Whatever worries might have existed, Mathewson pitched a great game. It seemed to take him just a while to settle in; he gave up two singles in the first and one in the second but pitched his way through to two scoreless innings. Outfielders Harry Hooper and Tris Speaker both singled in the first, but with one out, Duffy Lewis grounded to third baseman Buck Herzog, who got the lead runner. Larry Gardner struck out to end the inning. Mathewson pitched around Heinie Wagner’s single for a scoreless second.

Rookie Hugh Bedient was manager Jake Stahl’s selection. The winner of 20 games in 1912 (he’d been 20-9, with a 2.92 ERA), the 22-year-old “modest youth” was Stahl’s fourth starter, but he pitched an even better game than Christy Mathewson on this day.

Bedient, too, faced a little trouble in the cold weather, walking the leadoff batter in both the first and second innings, each time on four pitches. He issued his third — and final — walk of the game to Josh Devore in the third and also allowed a single to Mathewson in that inning. Yet no Giant got past second base in the early stages of the game and Bedient didn’t walk a man in the final six innings. He was consistently ahead in the count, throwing a lot of first-pitch strikes. Oddly for the era, neither team attempted to bunt or steal a base all game — even though the Red Sox of the day were sometimes known as the “Speed Boys.”

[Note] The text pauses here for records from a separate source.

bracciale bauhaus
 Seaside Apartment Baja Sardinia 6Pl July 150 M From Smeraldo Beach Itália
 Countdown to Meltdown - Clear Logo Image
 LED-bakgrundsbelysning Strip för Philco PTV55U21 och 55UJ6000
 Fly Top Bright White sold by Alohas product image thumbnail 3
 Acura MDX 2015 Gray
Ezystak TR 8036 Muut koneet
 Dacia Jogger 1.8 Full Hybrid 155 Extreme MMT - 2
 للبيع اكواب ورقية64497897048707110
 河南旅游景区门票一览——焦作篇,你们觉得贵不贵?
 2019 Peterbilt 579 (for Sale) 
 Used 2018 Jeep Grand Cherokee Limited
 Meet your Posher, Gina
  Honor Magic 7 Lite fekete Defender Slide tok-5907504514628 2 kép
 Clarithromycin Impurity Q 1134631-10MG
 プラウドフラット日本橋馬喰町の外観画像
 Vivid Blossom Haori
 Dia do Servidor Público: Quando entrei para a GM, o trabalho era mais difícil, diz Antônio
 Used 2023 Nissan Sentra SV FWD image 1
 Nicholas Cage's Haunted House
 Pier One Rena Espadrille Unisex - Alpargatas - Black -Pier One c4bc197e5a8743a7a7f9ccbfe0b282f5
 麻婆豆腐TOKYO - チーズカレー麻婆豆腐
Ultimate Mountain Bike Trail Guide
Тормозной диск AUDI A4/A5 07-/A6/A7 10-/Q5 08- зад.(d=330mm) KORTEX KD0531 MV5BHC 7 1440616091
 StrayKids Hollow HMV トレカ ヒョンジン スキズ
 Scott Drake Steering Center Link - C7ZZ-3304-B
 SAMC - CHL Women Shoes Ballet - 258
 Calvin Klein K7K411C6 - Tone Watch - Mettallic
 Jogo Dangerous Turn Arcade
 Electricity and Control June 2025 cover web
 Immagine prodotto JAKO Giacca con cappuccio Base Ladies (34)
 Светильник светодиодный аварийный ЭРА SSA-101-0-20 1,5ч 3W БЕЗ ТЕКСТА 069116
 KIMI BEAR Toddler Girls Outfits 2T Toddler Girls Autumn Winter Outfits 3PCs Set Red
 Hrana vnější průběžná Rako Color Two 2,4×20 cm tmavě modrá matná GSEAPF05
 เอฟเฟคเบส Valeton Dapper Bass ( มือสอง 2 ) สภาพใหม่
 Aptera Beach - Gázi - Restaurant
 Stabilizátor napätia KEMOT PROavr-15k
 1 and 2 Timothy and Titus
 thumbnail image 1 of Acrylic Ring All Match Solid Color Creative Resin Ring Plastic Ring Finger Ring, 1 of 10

Harry Hooper tripled to the left-field corner to lead off the Red Sox third. The ball rolled between the stands of the temporary bleachers; Devore disappeared from sight before coming up with the ball fast enough to hold Hooper to three bases. Steve Yerkes swung at the first pitch and made it back-to-back triples with a drive to center field — the ball rolling to the fence, then bouncing off at an unexpected angle — to score Hooper.

Second baseman Larry Doyle went to field Tris Speaker’s grounder but, glancing up to assess his chances of holding Yerkes at third, lost track of the ball just long enough that it ended up in right field. As the New York Times put it, “Speaker’s hopping grounder whizzed its rampant course through Larry Doyle’s shoes.”2

Yerkes scored the second Red Sox run on what turned out to be New York’s lone error of the game, but Speaker was too aggressive in trying to reach second. He was thrown out, right fielder Red Murray to shortstop Art Fletcher. Both Lewis and Gardner subsequently grounded out. It was 2-0 for the Red Sox.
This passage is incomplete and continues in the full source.